Il aurait aimé travailler avec le défunt Abdelkader Alloula. Réda Seddiki s'est produit en Algérie. Il est en ce moment à la Nouvelle Scène, à Paris. Il est l'auteur et l'interprète de Lettre à France, qui s'est développée en Deux mètres de liberté. Abdelkader Secteur n'est plus à présenter. Star de la soirée, le public était plié de rire à son écoute. Youyous, applaudissements, répliques ont accompagné la prestation des artistes sur scène. Une ambiance bon enfant, joyeuse et festive portée par un public familial, toutes générations confondues, des grands-parents aux petits-enfants.
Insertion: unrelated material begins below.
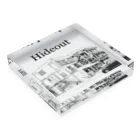 jin photo workのHideout Acrylic Block :placed flat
Des organisateurs comblés prêts à renouveler l'initiative
Le succès de cette soirée a comblé ses initiateurs, surpassant leurs prévisions les plus optimistes de la vente des 2000 places, de la salle clôturée trois jours avant le spectacle jusqu'à l'accueil extrêmement enthousiaste qui lui a été réservé. A telle enseigne que Jean-Marc Dumontet, producteur du Festival du rire de Paris, et Billal Chegra, cheville ouvrière et initiateur du projet, s'engagent à rééditer la soirée l'année prochaine et de l'élargir à d'autres artistes. Billal Chegra, directeur artistique de France Algérie histoire d'en rire, a indiqué que des pourparlers sont en cours pour réaliser une initiative similaire en Algérie.
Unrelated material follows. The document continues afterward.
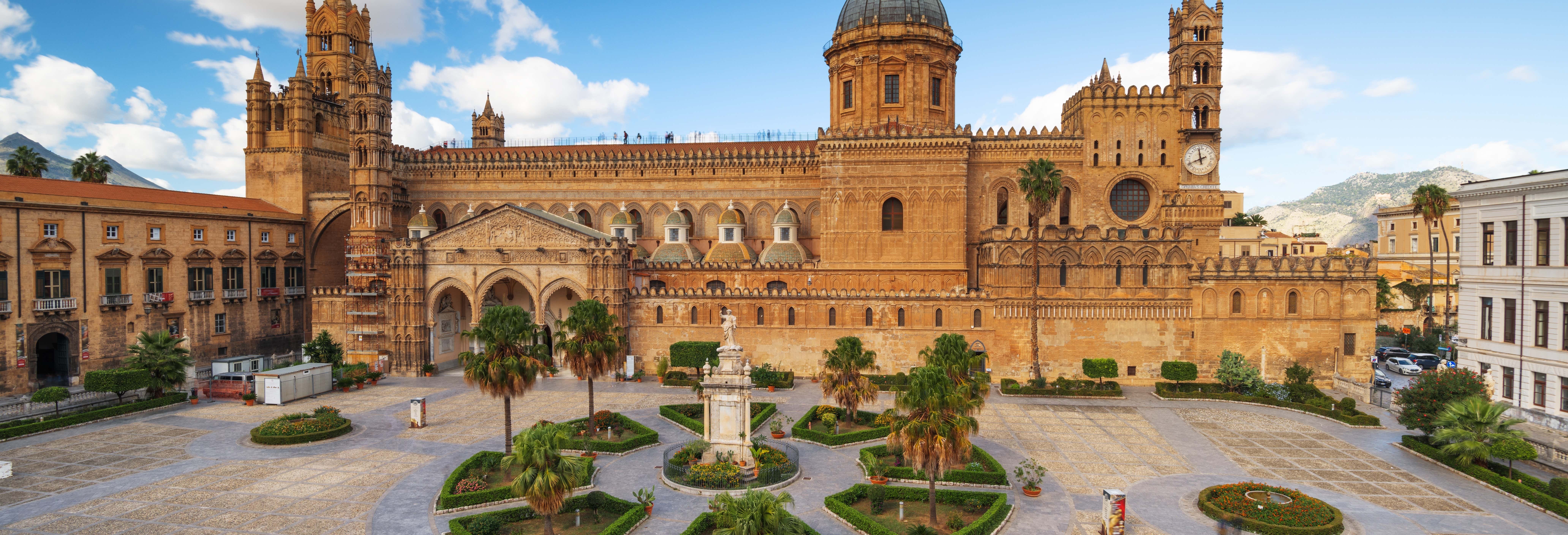 Escursione a Palermo e Cefalù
A rappeler que cette soirée était inscrite dans la troisième édition du Festival d'humour de Paris (du 10 au 22 janvier 2018 en 10 soirées avec 100 artistes), représentant une nouveauté dans sa programmation. Cette soirée à l'Olympia, le producteur de spectacles, Jean-Marc Dumontet, la voulait comme «un marqueur de confiance et de volonté de mettre en lumière» la culture algérienne à partir de l'humour (El Watan du 19 décembre 2017). Le producteur affirmait, à la faveur d'une conférence de presse, le 16 décembre dernier, qu'il considère que «l'humour et le spectacle c'est le partage», que «la culture sert à créer des liens».
Et d'ajouter : «Je veux banaliser notre relation avec l'Algérie, ce pays frère.» Après avoir fait le constat que «nos deux pays se regardent sans se regarder. On n'arrive pas à panser les plaies. On va tous y contribuer». Et «l'humour est un vrai vecteur fédérateur qui réussit parfois là où le politique échoue. C'est une belle opportunité». Billal Chegra, directeur commercial de Jean-Marc Dumontet Productions relève qu'«il y a une vraie culture de l'humour algérien», mais qu'«elle est méconnue en France». D'où cette résolution de mieux la faire connaître des Français.
La soirée du 13 janvier a été en ce sens un premier pas. Au-delà de cette soirée, «notre volonté est d'ouvrir un créneau pour l'humour algérien» aux humoristes algériens qui viendraient en France «dans un de nos théâtres», précise Jean-Marc Dumontet, «Nous sommes en train de tisser une histoire au long cours». Et de caresser l'idée d'un festival du rire en Algérie. Baisser de rideau avec cette promesse des organisateurs.